Donate! Support your community news.
Subscribe! News delivered to your inbox.
DAVIDSON HISTORY

Life at Davidson College in the 1840s and 1850s

by | Jul 27, 2021 | Davidson History, News, Top Left Box

Davidson College buildings in 1850. (Screenshot from the college digital archives.)

Cornelia Shaw, in her history of Davidson College, writes of an unsigned sketch entitled “Davidson in the Forties,” which was found among the papers of Dr. Jethro Rumple, who graduated in 1850. It is one of only a few descriptions of college life at that time. Here are some excerpts:

“It was the day of small things with Davidson College in the decade of the forties…There were only three professors including the president, and they taught everything and all day long, even one class before breakfast. Well do we remember…how we used to awaken by the clanging of the bell at sunrise or before and rush to prayers and roll call, perhaps half-dressed and making our toilet on the way…and listened with dull ears and looked with half-closed but not devout eyes, while the rather stereotyped prayers were being repeated. Thence from the chapel to the lecture room below we wended our weary ways…The antebreakfastean [pre-breakfast] roasting over, we were generally prepared for refreshments, which ‘Old Aunt Dan’ and ‘Old Lew’ furnished at $6 a month, together with dinner and supper at the constitutional hour…we were not very reverential in our appellations in those days, having the bad habit of prefixing the word ‘old’ to the pronomen [first name] even of our venerable president along with our two professors…We regarded our venerable president [Reverend Samuel Williamson] as a living encyclopedia…It was a popular notion that he could have stepped into any classroom and heard any recitation as well as the regular professor and time has not erased the impression…On those long and perfervid days of June, July and August – for Commencement then came the second week in August – you might have seen [students] in the late afternoon under a large oak tree…with their long-stemmed pipes having an evening gossip. Some of them had on white trousers and coats and panama hats. Some wore long blue calico hunting shirts or study gowns, reaching below the knees. The topics of conversation would be various.”

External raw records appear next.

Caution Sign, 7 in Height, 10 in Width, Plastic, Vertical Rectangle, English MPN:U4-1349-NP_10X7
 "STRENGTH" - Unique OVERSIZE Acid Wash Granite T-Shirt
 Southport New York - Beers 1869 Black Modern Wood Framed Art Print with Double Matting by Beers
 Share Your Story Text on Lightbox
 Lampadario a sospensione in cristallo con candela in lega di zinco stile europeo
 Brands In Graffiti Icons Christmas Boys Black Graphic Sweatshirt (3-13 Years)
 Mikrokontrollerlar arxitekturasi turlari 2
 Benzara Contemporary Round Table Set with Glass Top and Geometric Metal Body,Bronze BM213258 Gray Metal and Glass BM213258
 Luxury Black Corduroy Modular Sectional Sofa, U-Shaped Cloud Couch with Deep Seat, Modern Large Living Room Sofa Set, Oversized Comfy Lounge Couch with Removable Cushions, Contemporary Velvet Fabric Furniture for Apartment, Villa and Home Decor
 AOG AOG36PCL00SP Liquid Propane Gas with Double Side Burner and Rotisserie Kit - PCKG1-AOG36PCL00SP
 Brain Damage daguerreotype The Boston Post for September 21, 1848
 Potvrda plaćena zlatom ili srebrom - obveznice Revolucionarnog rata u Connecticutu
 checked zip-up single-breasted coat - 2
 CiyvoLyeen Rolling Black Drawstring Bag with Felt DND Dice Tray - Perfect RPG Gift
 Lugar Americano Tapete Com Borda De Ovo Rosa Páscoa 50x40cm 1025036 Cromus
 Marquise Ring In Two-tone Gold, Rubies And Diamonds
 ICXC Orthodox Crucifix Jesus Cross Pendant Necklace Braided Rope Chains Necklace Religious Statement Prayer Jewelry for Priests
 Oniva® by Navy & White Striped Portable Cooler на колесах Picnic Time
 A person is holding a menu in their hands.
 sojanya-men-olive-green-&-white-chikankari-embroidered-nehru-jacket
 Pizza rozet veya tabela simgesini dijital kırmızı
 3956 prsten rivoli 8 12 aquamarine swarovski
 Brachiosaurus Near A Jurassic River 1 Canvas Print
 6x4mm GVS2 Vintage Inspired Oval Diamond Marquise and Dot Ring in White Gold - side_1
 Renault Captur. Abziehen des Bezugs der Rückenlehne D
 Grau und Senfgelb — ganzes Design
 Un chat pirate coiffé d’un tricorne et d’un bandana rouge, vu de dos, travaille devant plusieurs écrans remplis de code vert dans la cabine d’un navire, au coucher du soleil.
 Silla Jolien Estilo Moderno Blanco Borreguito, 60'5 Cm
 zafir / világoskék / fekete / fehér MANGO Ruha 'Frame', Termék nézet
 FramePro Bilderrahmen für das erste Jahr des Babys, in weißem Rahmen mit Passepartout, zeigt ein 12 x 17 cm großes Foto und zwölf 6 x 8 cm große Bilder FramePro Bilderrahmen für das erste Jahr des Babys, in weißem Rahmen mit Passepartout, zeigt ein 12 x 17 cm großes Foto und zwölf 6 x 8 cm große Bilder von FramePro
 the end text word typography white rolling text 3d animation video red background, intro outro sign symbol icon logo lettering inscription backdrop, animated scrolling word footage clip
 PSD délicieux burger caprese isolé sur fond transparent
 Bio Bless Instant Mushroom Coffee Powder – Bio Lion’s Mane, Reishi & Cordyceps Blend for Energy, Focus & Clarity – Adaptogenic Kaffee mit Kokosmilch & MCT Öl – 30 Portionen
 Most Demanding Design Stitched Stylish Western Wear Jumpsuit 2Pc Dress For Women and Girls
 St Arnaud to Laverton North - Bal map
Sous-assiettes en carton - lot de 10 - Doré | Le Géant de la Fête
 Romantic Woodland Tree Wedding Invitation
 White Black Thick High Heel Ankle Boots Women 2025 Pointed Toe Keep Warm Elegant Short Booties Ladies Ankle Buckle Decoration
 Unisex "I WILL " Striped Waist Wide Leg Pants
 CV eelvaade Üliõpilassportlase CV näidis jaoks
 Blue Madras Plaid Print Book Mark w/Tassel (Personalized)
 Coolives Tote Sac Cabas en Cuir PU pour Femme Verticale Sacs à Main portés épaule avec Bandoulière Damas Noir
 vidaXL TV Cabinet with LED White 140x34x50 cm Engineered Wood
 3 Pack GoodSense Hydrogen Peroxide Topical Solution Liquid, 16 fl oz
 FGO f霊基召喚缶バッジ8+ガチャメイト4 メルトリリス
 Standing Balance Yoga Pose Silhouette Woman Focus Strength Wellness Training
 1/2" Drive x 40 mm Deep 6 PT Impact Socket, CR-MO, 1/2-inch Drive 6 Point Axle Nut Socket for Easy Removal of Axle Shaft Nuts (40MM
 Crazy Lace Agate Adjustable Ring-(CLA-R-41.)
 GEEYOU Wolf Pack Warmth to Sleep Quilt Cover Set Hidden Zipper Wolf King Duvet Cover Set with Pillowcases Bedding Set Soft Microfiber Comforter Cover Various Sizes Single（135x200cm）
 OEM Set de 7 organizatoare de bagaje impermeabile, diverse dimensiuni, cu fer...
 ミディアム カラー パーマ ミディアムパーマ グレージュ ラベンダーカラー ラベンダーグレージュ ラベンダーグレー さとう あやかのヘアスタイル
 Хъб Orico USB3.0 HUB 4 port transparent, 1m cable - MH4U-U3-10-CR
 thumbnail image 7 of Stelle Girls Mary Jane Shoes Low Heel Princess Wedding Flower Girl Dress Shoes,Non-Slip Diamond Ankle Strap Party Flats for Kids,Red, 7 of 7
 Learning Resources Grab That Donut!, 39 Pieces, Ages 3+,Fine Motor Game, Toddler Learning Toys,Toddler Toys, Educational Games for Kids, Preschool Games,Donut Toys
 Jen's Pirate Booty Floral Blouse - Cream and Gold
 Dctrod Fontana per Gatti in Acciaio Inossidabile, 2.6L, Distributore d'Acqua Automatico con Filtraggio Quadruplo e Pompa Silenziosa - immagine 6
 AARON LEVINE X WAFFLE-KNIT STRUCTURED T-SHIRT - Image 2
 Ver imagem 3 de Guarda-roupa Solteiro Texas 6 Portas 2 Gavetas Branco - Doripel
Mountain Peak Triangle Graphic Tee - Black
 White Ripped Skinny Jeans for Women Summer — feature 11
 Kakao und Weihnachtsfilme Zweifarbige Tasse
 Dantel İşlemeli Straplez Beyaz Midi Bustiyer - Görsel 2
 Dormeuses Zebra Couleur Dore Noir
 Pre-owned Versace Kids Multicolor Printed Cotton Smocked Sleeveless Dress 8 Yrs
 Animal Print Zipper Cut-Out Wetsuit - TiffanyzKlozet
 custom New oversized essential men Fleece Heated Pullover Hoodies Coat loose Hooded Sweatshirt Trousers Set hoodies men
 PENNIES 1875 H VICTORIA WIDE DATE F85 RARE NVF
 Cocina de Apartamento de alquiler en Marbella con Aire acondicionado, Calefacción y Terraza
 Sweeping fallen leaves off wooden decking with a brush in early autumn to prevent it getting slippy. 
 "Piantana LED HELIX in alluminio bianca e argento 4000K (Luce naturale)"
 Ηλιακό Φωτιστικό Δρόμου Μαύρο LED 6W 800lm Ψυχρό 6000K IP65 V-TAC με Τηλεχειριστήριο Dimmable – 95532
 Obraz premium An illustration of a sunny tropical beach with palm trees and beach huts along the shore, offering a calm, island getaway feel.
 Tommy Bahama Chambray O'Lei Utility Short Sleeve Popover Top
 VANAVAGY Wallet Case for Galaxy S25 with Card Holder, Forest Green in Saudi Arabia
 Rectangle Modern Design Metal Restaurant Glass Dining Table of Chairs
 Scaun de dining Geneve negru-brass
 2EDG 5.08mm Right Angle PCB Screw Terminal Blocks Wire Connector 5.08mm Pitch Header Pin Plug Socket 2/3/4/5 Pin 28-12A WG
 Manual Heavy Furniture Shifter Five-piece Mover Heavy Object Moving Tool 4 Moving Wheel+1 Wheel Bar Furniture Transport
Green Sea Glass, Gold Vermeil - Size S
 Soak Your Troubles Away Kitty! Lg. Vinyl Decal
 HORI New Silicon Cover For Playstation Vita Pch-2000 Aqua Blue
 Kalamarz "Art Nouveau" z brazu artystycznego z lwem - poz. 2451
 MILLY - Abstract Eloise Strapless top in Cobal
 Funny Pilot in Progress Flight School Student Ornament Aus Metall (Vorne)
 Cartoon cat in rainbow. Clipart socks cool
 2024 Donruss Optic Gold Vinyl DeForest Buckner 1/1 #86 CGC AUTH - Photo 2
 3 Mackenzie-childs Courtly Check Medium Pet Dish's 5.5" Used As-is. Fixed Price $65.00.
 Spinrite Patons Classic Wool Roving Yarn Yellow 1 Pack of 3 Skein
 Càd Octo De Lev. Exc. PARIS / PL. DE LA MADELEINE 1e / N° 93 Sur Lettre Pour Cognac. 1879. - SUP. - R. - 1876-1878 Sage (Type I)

With the town not more than a village, and very few students at the college, there was little for students to do, and they were compelled to make their own fun. This inevitably led to pranks. Shaw reports that “In 1849 the Faculty recorded that they had been ‘particularly grieved with the conduct of a few of the students during a part of the year.’  From some cause which is not known to us they seem to be dissatisfied; and they secretly perpetrated acts of mischief and disorder…”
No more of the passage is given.